Landelijke akkoorden voor de oplossing van problemen in de zorg bevatten tendensen die hoogst relevant zijn voor het sociaal werk. Dat brengt risico's én kansen met zich mee, schrijven Lisbeth Verharen, Carla Kolner en Ard Sprinkhuizen. ‘Sociaal werkers moeten hierin proactief zijn en het initiatief naar zich toe halen.'
Het zal niemand zijn ontgaan: er zijn zorgen over de zorg in Nederland. Deze zorgen gaan grofweg over de betaalbaarheid van de zorg, de personeelstekorten en de inrichting van de zorg als systeem. Het blijft niet bij zorgen. De Nederlandse overheid heeft de afgelopen tijd, samen met allerlei landelijke en regionale partijen, stevig nagedacht over oplossingen en de conclusie is dat de zorg anders moet. De richting van die veranderingen is tot uitdrukking gebracht in een aantal landelijke akkoorden: IZA (Integraal Zorg Akkoord), GALA (Gezond en Actief Leven Akkoord), WOZO (Wonen, Ondersteuning en Zorg voor Ouderen) en een uitvoeringsregeling (SPUK).
Relevant
Hoewel deze akkoorden hun eigen accenten hebben zijn er tendensen in te ontwaren die gemeenschappelijk zijn en relevant voor het sociaal werk.

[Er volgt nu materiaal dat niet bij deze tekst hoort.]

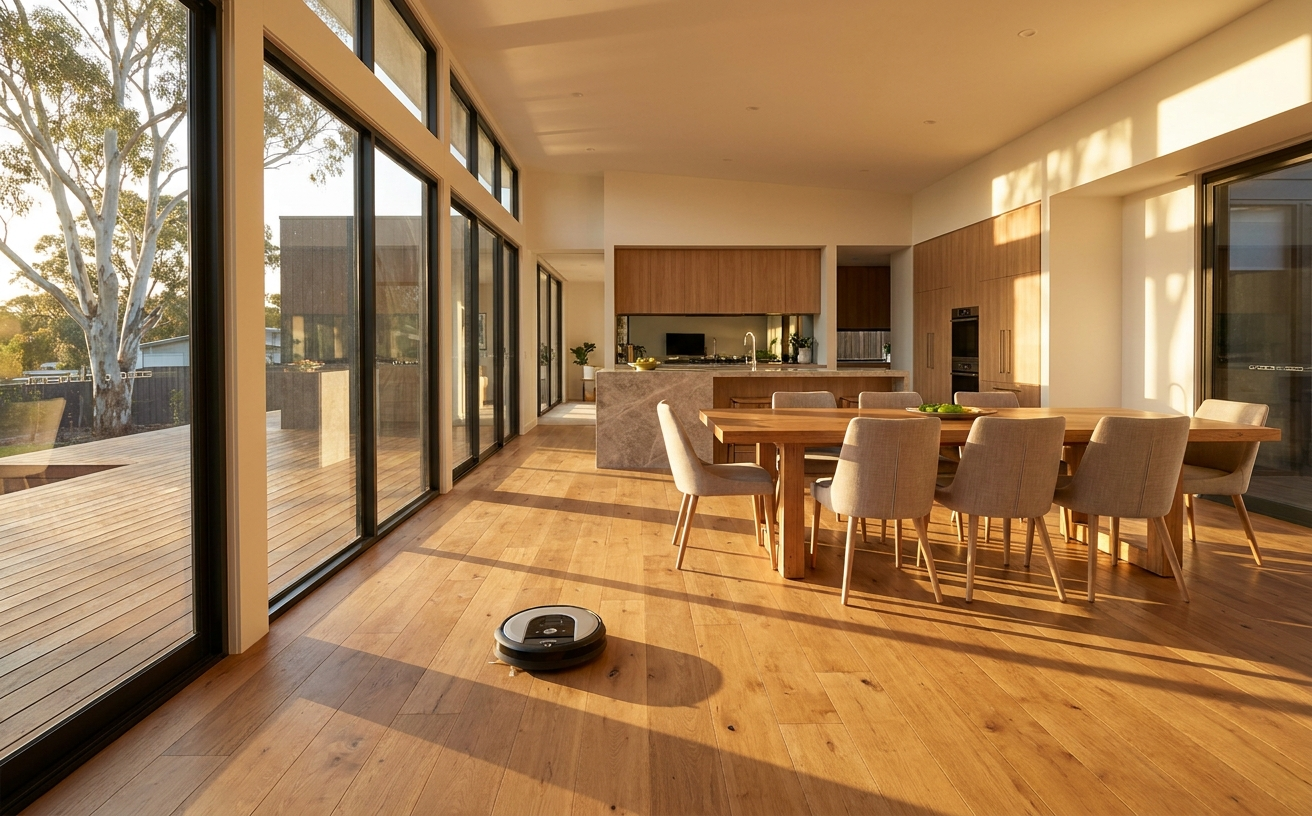 A robotic automatic vacuum operates on a wooden floor in a modern dining area with large windows and natural light.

Ten eerste is dat de aandacht voor preventie. Om de druk op de zorg te verminderen, moeten we voorkomen dat mensen zorg nodig hebben. Al in de titel van het GALA komt tot uitdrukking dat de overheid ook van alles van mensen zelf verwacht: gezond en actief leven. Tevens legt het GALA daarbij een link naar de gezonde leefomgeving: de fysieke en sociale omgeving. Een omgeving waarin het goed leven is met elkaar, met een sterke sociale basis van informele netwerken, toegankelijke en bereikbare basisvoorzieningen en publieke diensten.
Naast preventie vragen de akkoorden om te kijken naar mogelijkheden voor de verplaatsing (‘substitutie’) van de zorg. Het besef is groot dat achter veel zorgvragen sociale determinanten (zoals armoede, chronische stress en slechte kwaliteit van de woon- en leefomgeving) schuilgaan, een gegeven waar ook Herman de Mönnik vorig jaar in zijn Marie Kamphuis Lezing op wees (2022). Dat vraagt om meer en betere samenwerking tussen eerstelijnszorg en het sociaal domein.
Tot slot zijn er de nodige verwachtingen van innovatieve vormen van digitale ondersteuning, waardoor bijvoorbeeld ouderen langer zelfstandig zouden kunnen blijven wonen.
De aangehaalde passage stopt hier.